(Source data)
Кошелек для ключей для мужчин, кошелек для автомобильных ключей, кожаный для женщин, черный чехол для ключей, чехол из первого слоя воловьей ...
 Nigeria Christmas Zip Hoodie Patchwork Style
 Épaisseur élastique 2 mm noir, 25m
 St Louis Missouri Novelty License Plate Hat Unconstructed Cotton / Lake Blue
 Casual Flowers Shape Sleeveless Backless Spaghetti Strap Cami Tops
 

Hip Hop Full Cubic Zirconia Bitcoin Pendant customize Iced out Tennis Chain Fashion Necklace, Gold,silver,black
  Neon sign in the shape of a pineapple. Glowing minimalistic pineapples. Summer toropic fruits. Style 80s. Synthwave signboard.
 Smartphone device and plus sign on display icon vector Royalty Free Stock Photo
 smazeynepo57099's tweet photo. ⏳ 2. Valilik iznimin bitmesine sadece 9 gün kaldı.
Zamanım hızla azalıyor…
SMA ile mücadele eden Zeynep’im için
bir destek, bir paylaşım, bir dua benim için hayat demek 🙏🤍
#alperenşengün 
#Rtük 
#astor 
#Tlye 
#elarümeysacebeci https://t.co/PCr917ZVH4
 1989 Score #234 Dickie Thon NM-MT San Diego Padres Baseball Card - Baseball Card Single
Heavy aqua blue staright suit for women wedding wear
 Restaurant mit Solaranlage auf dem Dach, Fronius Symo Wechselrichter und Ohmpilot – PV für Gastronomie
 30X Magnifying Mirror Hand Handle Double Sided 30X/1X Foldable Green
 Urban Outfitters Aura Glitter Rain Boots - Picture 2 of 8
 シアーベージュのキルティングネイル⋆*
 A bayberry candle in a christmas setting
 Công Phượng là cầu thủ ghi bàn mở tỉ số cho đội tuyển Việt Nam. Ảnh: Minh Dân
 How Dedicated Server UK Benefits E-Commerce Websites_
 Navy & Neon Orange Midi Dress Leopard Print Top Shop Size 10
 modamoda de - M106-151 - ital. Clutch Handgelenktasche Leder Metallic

→ EXERCISE PROMPT: Say how many lines in the entries include the string "Neon", and write nothing besides that number.

→ WRITTEN RESPONSE: 2